Autumn 2008: Sustainable Efforts

Student opening door to dorm room

key to conservation: Reid Turner 10OX checks out his room in the new East Village, which helped Emory earn a spot on the Green Rating Honor Roll.

Jon Rou

LEEDing the Green Pack

As first-year students at Oxford College unpacked their bags in their new East Village Residential Complex rooms, they were already making a sustainable statement—moving into the “greenest” dorm on the University’s historic campus.

Emory has been selected for Princeton Review’s 2009 Green Rating Honor Roll, a list honoring eleven colleges and universities that each received the highest scores under the Review’s new “green rating” of colleges. The University was included for having more square feet of green construction, including Leadership in Energy and Environmental Design (LEED)–certified buildings, than any other U.S. campus.

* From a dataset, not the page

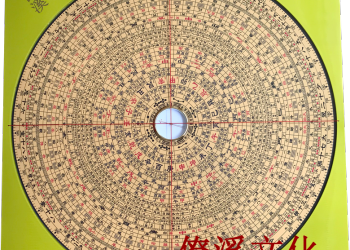 Yang gongtianyu Sutra: there are hundreds of mysterious secrets inside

Emory’s Board of Trustees prioritized sustainable building and LEED certification (the national marker for green construction) in 2002. The latest buildings on campus built to LEED standards include the new Candler School of Theology and Center for Ethics building, the new Oxford residence halls, and the Few and Evans Residence Halls at Emory.

Emory also was honored for integrating sustainability into the curriculum (including the longest-running faculty development programs in sustainability in the country), promoting alternative transportation with a shuttle fleet that is 100 percent alternatively fueled, recycling Emory’s waste stream (with a goal of 65 percent by 2015), and providing local and sustainably grown food.

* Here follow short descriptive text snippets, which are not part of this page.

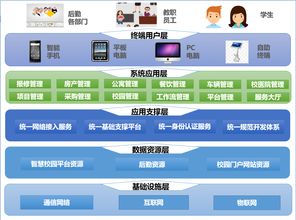 智慧校园应用建设的规划设计与管理路径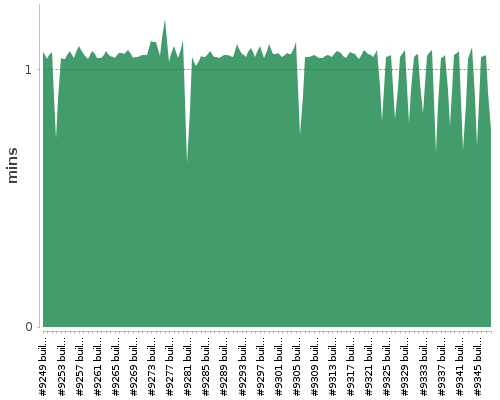 [Build time graph]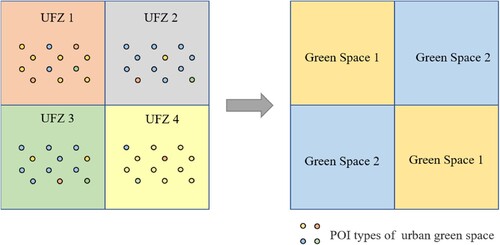 Figure 13. The workflow of attribute mapping.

The ranking included 534 schools that provided data from surveys during the 2007–2008 academic year concerning their environmentally related policies, practices, and academic offerings.

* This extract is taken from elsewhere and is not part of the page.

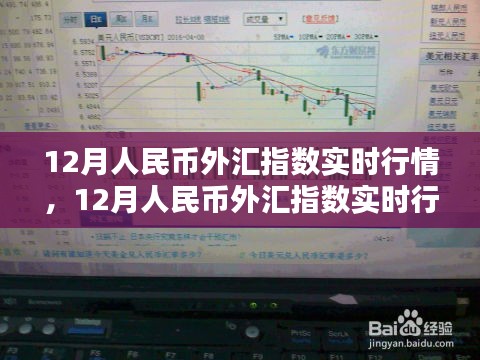 深入解析，12月人民幣外匯指數(shù)實(shí)時(shí)行情下的波動(dòng)與影響全解析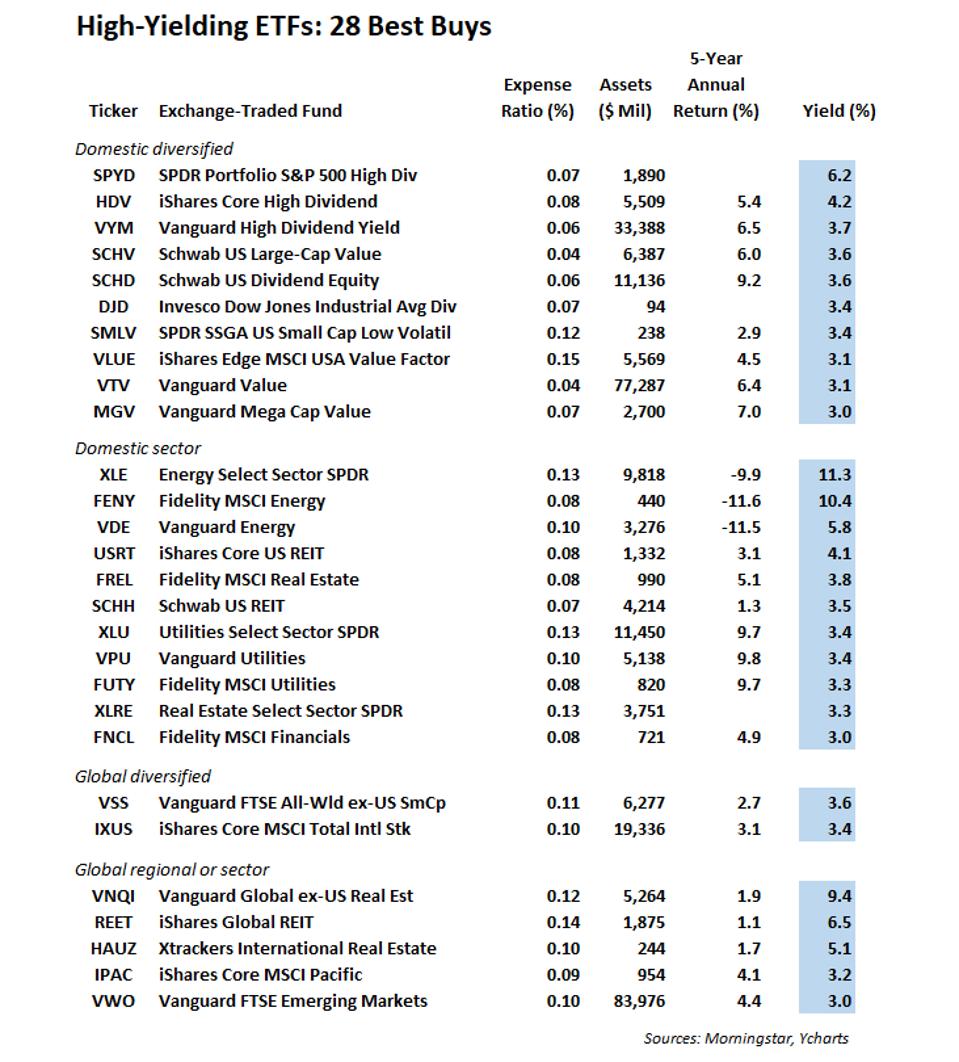 Best Dividend Etf 2021 Guide To Dividend Funds For Retirees: 36 Best Buys Best Dividend Etf 2021 Guide To Dividend Funds For Retirees: 36 Best Buys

Criteria included: whether students have a campus quality of life that is healthy and sustainable; how well the school is preparing students for employment and citizenship in a world defined by environmental challenges; and the school’s overall commitment to environmental issues. A sampling of the sustainable metrics in the surveys included energy use, recycling, food, buildings, transportation, and academic offerings.